Am Beispiel der Ukraine wurde dies besonders deutlich. Politiker sprechen von der Notwendigkeit, den Krieg fortzusetzen, um die Freiheit zu verteidigen. Aber was könnte für die Freiheit schlimmer sein, als Eltern ihre Kinder zu entreißen und sie zum Kämpfen zu zwingen — unter Anwendung von Folter, wie es im Bericht des UN-Kommissars vom November letzten Jahres dokumentiert wurde?
Sie sprechen vom Schutz unserer Zukunft, während sie gleichzeitig die Bedrohung durch die Waffenproduktion — die hunderte Milliarden jährlich kostet — und die Gefahr eines Atomkriegs ignorieren.
Sie sprechen vom Schutz der Demokratie — aber was könnte eine größere Bedrohung für die Demokratie sein als die Missachtung so grundlegender Rechte wie dem Recht, sich dem Töten zu verweigern?
Sie sprechen von Gerechtigkeit und vom Erreichen des Friedens — doch was könnte ungerechter sein, als Menschen in zwei Kategorien zu teilen: jene, die ihre Kinder in Europa verstecken dürfen und in luxuriösen Sälen über die Unzulässigkeit von Kompromissen dozieren, und jene, die gezwungen sind, das ultimative Opfer zu bringen?
Wir sollten klarstellen, dass die Bedrohung für unsere Zukunft heute nicht von einer bestimmten Nationalität, Kultur oder Religion ausgeht. Die wahre Bedrohung liegt in der ungeheuren sozialen Ungleichheit, in einer Politik der Spaltung und in der selektiven Anwendung von Rechtsansprüchen.
Die einzige Möglichkeit, dieser Bedrohung zu begegnen, besteht darin, die Spaltungspolitik abzulehnen, den anderen nicht zum Feind zu erklären und die Rückkehr zum Dialog zu fordern — zu einem Dialog, der es ermöglicht, dem Vormarsch extremer politischer Kräfte in Russland und der Ukraine, aber auch in Israel, Europa und den USA, Einhalt zu gebieten.
Die Demokratie ist weltweit bedroht — und nur eine weltweite Absage an konfrontative Politik kann den Radikalen den Wind aus den Segeln nehmen, die Demokratien schützen und eine gerechtere Welt schaffen.
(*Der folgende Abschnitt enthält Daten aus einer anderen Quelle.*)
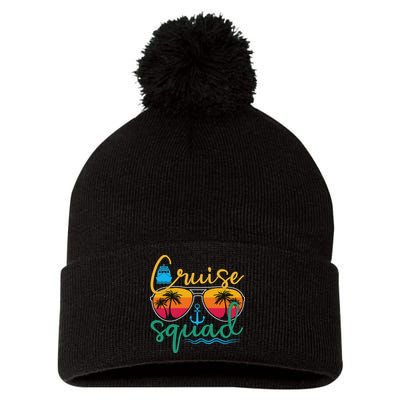 Cruise Squad 2025 Family Vacation Beach Matching Groupe Pom Pom 12in Knit Beanie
An der Seite der Ukraine zu stehen, bedeutet, an der Seite ihres Volkes zu stehen — nicht an der Seite jener, die ihre eigene Familie in Sicherheit wissen und gleichzeitig andere dazu zwingen, das Leben ihrer Kinder zu opfern. Freiheit lässt sich nicht mit Zwang verteidigen.
Kein Europäer kann sich seiner Rechte wirklich sicher sein, solange die Menschen- und Bürgerrechte nicht jedem Europäer garantiert werden. Und niemand kann sich wirklich sicher fühlen, solange Sicherheit nicht für alle gewährleistet ist.
Andrii Konovalov: »Was könnte eine größere Bedrohung für die Demokratie sein als die Missachtung grundlegender Rechte?« Redebeitrag in Berlin, 17. Mai 2025 aus Anlass des Internationalen Tages der Kriegsdienstverweigerung. Andrii Konovalov ist ukrainischer Kriegsgegner.